● **Your assignment**: Every entry gets copied exactly. No images go into the copy.

● **Records for this task**:
_ _ _ _ _

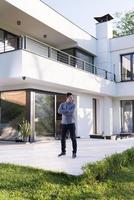 man in front of his luxury home villa photo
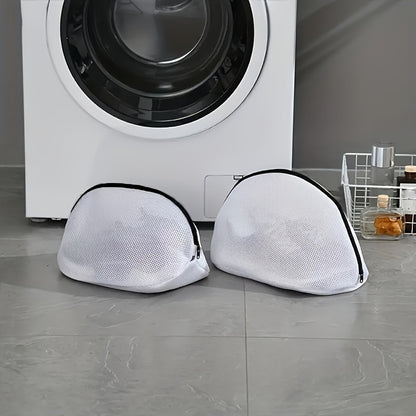 Two white mesh laundry bags with black zippers on a gray floor in front of a washing machine.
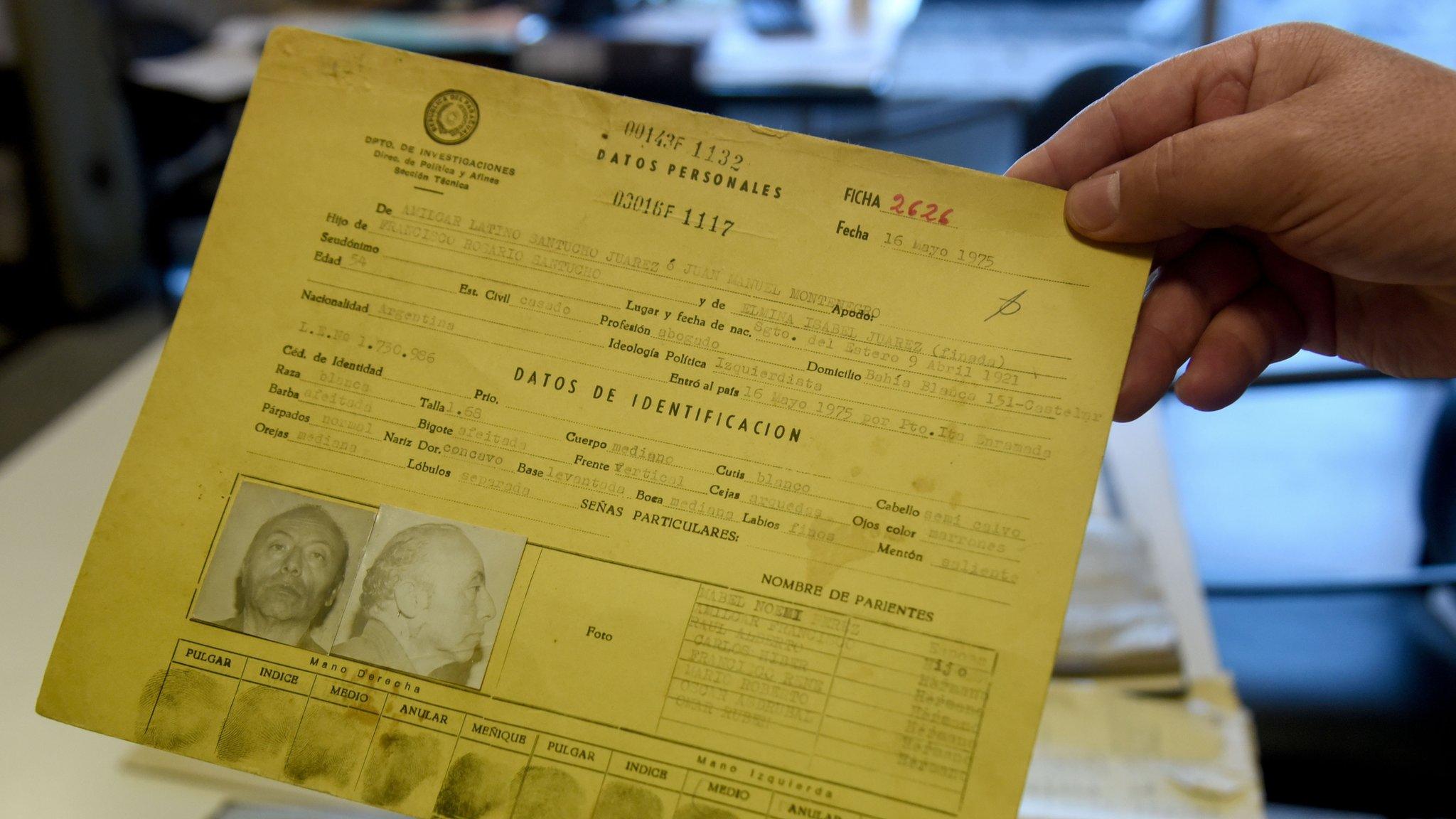 Paraguayan Judge Agustin Fernandez, director of the Documentation and Archive Center for Human Rights Defense, shows some of the documents that form part of the "Archives of Terror", at the Justice Palace in Asuncion, on January 16, 2019. -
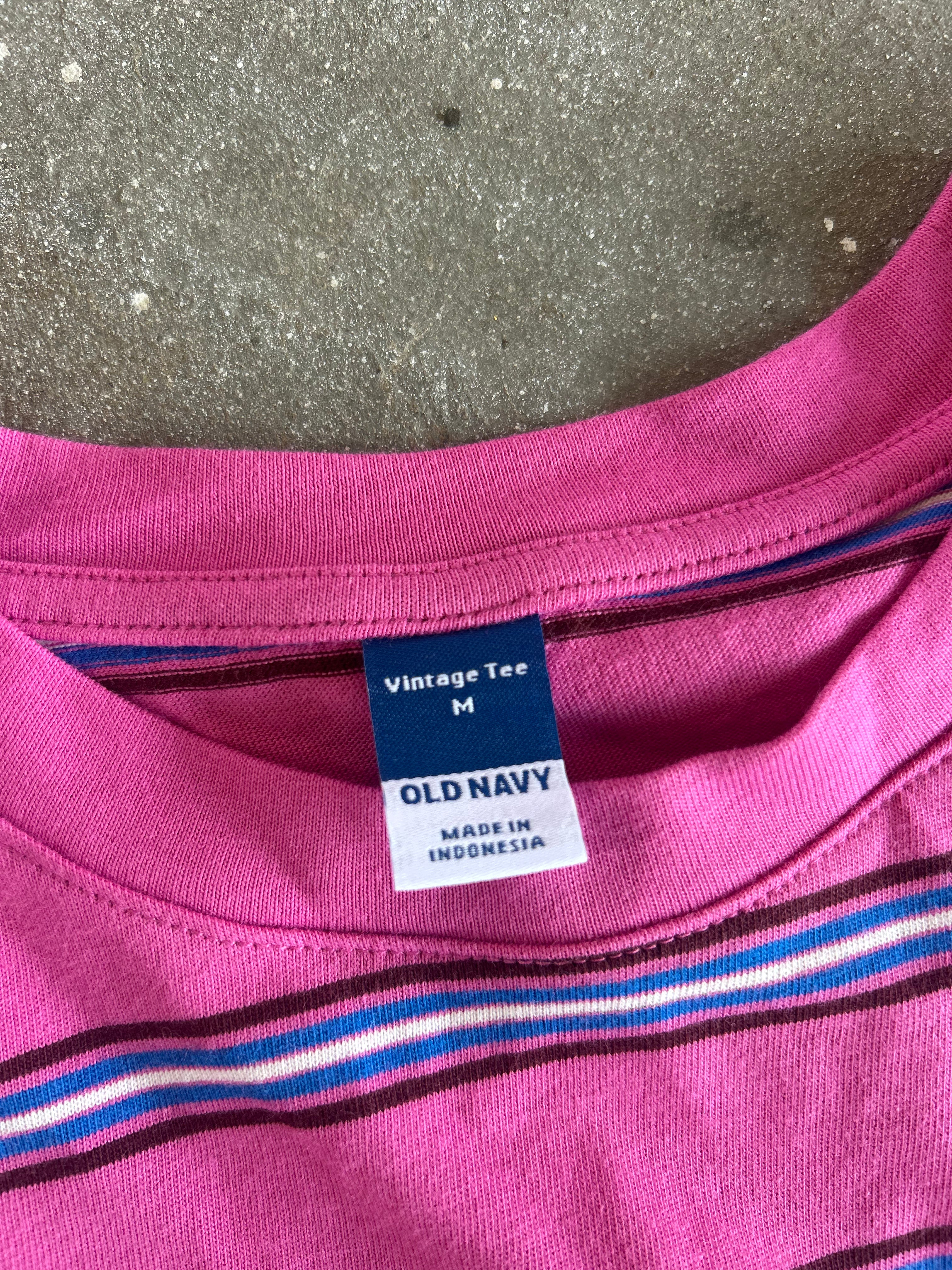 Close-up of a pink striped t-shirt collar showing the blue and white 'OLD NAVY' vintage size M tag, laid flat on a gray concrete surface
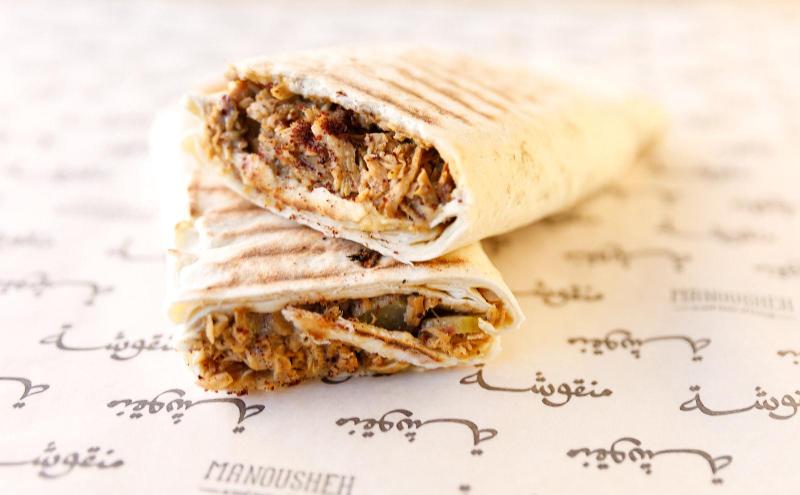 Manousheh: Chicken Musakkhan, 2 x $13.00
roasted chicken served with caramelized onions, sumac, pickles, and ‘thoum’ on our freshly baked flatbread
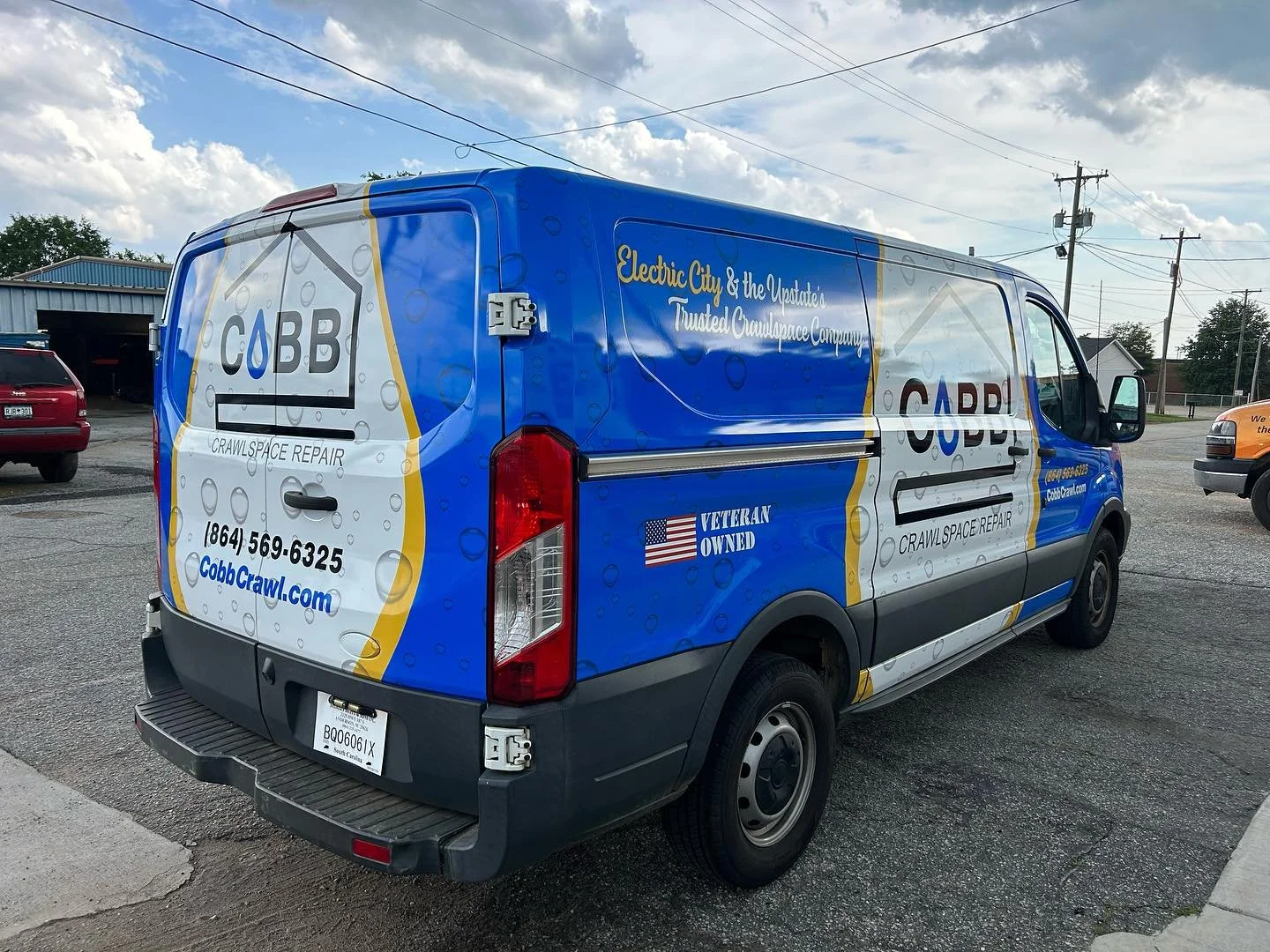 A Cobb Crawlspace Repair company van parked in a parking lot, featuring blue, white, and yellow branding with contact information, veteran-owned badge, and company slogan.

_ _ _ _ _

● **Written reply**:
 man in front of his luxury home villa photo
 Two white mesh laundry bags with black zippers on a gray floor in front of a washing machine.
 Paraguayan Judge Agustin Fernandez, director of the Documentation and Archive Center for Human Rights Defense, shows some of the documents that form part of the "Archives of Terror", at the Justice Palace in Asuncion, on January 16, 2019. -
 Close-up of a pink striped t-shirt collar showing the blue and white 'OLD NAVY' vintage size M tag, laid flat on a gray concrete surface
 Manousheh: Chicken Musakkhan, 2 x $13.00
roasted chicken served with caramelized onions, sumac, pickles, and ‘thoum’ on our freshly baked flatbread
 A Cobb Crawlspace Repair company van parked in a parking lot, featuring blue, white, and yellow branding with contact information, veteran-owned badge, and company slogan.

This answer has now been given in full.